Back down to the Dome, outside again unless it's windy or I'm carrying something awkward: there are more doors in the tunnel route, but they're easier to manage. I try to have projects scheduled for the afternoon, something to keep me moving around a bit. Right now we're getting our good-bandwidth satellite window starting at about 4pm, so I save all my Internet tasks for late afternoon. On my desk now I have a friend's laptop and mp3 player, I'm helping him get it set up. One of the things I like here is that we can help people with their personal gadgets, it's lower priority than work-related items of course but we can generally make the time.
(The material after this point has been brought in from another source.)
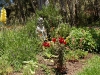 thumbs 6 Esalens 6th Annual Yoga Festival (Photos)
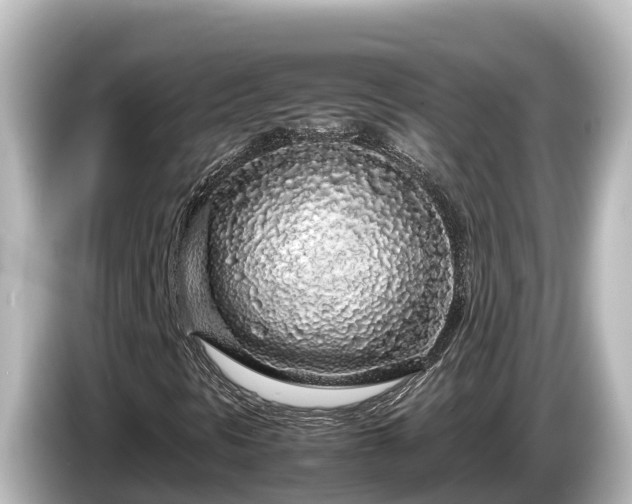 X0000085311297200703161444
Today is Saturday, which is a regular work day here but we have our departmental safety meeting and housemouse (town cleanup) so it's a short afternoon. The safety meeting is fun because IT is a good group: me and Henry on the computer side, Sean the Comms Tech and Eyvind the Satcomms Tech on the comms side. We ran through the official safety videos so now we have reruns or watch the MST3K versions. Railroad safety! What to do on a date! We drink soda and I bring something from my stash of good snacks, thank you Mom and Dad. Then I go back over to Upper Berthing for housemouse, it's a bit of a contest to see who gets there first and starts cleaning. That's the end of the work day so we usually finish up with a beer in the hallway and then walk up to dinner in a small mob.

We don't have any special parties or events this weekend, but people tend to clump in a few places. There is a very silly bar in the New Galley, it looks more like a breakfast counter than a bar, but it gets some use. The bar in the Dome is more what a bar should be: dark and smoky, wood instead of plastic. Some of the big smokers are quitting in a group, starting this week, so that might change the bar, um, atmosphere (cough cough). Some Saturday nights the bar scene is conversational and some nights it's got crazy dancing and hollering. Oh and it's not a commercial bar - it's BYO and we all take turns bartending. We don't have any scary drunks this year but there are a couple people who aren't really welcome, like the electrician whose idea of a good time is getting drunk and grabbing people or the carpenter who gets drapey. I like them both just fine when they're sober. And don't worry Mom and Dad, I do drink when I'm in the bar but I learned a long time ago not to try to keep up. I'll socialize for a while, and when I feel like leaving my bed is less than 100 feet away. I go to sleep happy, knowing that I can sleep in and there will be latte's served in old Biomed (berthing now) in the morning.

If any of you made it this far I hope you enjoyed it, this is my life and it will be for another 6 months. It's quiet and routine but I'm pretty much happy pretty much most of the time, and when I leave in November I'll be plenty ready for a change. Thanks to the folks who write me back, I like knowing what people are doing out there.